- **Exercise prompt**
Set down, please, exactly the lines below that run from the line with "L'Art d'Être Grand-Père... by Victor Hugo" to the line with "MENINOS DE 14 ANOS QUE MAL", both lines included.

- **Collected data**
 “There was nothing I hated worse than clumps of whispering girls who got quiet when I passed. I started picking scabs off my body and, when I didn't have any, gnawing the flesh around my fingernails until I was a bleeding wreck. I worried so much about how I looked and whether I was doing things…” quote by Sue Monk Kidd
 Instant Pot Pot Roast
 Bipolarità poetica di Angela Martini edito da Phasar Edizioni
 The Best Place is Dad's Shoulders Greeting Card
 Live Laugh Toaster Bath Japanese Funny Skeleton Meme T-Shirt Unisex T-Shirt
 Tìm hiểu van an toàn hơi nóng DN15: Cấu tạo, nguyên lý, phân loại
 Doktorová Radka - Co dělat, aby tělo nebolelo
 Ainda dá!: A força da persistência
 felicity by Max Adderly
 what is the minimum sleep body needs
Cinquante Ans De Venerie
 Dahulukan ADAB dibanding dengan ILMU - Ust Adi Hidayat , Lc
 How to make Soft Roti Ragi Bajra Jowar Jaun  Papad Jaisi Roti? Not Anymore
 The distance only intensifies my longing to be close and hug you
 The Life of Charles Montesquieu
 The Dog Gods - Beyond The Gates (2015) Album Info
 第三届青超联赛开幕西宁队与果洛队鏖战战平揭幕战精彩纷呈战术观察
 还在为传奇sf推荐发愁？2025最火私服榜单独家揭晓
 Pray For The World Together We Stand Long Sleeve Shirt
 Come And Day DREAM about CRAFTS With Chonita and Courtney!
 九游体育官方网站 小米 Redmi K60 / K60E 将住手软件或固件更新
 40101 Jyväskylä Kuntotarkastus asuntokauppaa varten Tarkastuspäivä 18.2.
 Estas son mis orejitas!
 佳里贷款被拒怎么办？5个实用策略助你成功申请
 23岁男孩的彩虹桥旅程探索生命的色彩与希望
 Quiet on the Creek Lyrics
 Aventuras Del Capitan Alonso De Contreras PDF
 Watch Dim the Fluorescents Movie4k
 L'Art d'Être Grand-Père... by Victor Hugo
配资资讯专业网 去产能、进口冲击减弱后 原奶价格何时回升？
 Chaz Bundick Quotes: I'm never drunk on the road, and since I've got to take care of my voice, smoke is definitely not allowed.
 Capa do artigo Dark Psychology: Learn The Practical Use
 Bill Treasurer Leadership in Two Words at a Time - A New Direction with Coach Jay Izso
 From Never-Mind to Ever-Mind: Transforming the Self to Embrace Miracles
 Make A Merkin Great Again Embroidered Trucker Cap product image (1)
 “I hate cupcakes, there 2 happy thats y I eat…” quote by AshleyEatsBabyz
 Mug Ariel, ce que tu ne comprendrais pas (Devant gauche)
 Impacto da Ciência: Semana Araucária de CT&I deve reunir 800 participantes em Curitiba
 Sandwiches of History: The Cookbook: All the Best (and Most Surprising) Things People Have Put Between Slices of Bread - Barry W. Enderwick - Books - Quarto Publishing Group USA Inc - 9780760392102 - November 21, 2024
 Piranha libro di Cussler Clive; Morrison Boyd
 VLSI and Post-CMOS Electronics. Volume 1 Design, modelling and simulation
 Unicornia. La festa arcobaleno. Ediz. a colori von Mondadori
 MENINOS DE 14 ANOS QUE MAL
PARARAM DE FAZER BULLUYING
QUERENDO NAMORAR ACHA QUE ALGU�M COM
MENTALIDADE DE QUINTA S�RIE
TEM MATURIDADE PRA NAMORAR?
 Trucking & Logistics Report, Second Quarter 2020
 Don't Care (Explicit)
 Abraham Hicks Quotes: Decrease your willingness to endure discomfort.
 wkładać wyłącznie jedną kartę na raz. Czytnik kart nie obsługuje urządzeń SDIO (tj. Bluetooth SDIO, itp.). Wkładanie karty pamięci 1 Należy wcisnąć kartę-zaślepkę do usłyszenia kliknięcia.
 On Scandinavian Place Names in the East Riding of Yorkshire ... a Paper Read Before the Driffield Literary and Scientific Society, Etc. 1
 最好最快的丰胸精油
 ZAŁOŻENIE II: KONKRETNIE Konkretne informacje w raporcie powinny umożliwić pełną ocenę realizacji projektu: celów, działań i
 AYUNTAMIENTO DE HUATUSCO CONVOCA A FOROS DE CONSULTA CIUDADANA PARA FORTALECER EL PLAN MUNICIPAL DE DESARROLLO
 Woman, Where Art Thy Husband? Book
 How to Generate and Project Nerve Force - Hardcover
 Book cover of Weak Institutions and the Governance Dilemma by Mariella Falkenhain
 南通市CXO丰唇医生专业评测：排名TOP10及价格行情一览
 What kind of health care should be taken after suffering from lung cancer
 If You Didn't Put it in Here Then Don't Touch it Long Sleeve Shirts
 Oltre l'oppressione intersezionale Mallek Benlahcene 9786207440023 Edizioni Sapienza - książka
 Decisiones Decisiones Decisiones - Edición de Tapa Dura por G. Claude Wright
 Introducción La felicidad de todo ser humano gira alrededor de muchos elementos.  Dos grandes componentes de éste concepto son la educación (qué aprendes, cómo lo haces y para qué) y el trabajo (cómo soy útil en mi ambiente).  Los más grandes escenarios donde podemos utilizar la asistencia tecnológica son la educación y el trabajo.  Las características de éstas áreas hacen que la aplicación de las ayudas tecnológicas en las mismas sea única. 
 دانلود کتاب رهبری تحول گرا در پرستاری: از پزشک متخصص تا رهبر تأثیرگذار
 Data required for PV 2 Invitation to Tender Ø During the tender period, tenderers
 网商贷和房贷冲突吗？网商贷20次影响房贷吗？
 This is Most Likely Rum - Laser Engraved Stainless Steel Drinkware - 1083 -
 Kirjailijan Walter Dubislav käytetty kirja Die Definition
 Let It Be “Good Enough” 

- **Solved problem**
 L'Art d'Être Grand-Père... by Victor Hugo
配资资讯专业网 去产能、进口冲击减弱后 原奶价格何时回升？
 Chaz Bundick Quotes: I'm never drunk on the road, and since I've got to take care of my voice, smoke is definitely not allowed.
 Capa do artigo Dark Psychology: Learn The Practical Use
 Bill Treasurer Leadership in Two Words at a Time - A New Direction with Coach Jay Izso
 From Never-Mind to Ever-Mind: Transforming the Self to Embrace Miracles
 Make A Merkin Great Again Embroidered Trucker Cap product image (1)
 “I hate cupcakes, there 2 happy thats y I eat…” quote by AshleyEatsBabyz
 Mug Ariel, ce que tu ne comprendrais pas (Devant gauche)
 Impacto da Ciência: Semana Araucária de CT&I deve reunir 800 participantes em Curitiba
 Sandwiches of History: The Cookbook: All the Best (and Most Surprising) Things People Have Put Between Slices of Bread - Barry W. Enderwick - Books - Quarto Publishing Group USA Inc - 9780760392102 - November 21, 2024
 Piranha libro di Cussler Clive; Morrison Boyd
 VLSI and Post-CMOS Electronics. Volume 1 Design, modelling and simulation
 Unicornia. La festa arcobaleno. Ediz. a colori von Mondadori
 MENINOS DE 14 ANOS QUE MAL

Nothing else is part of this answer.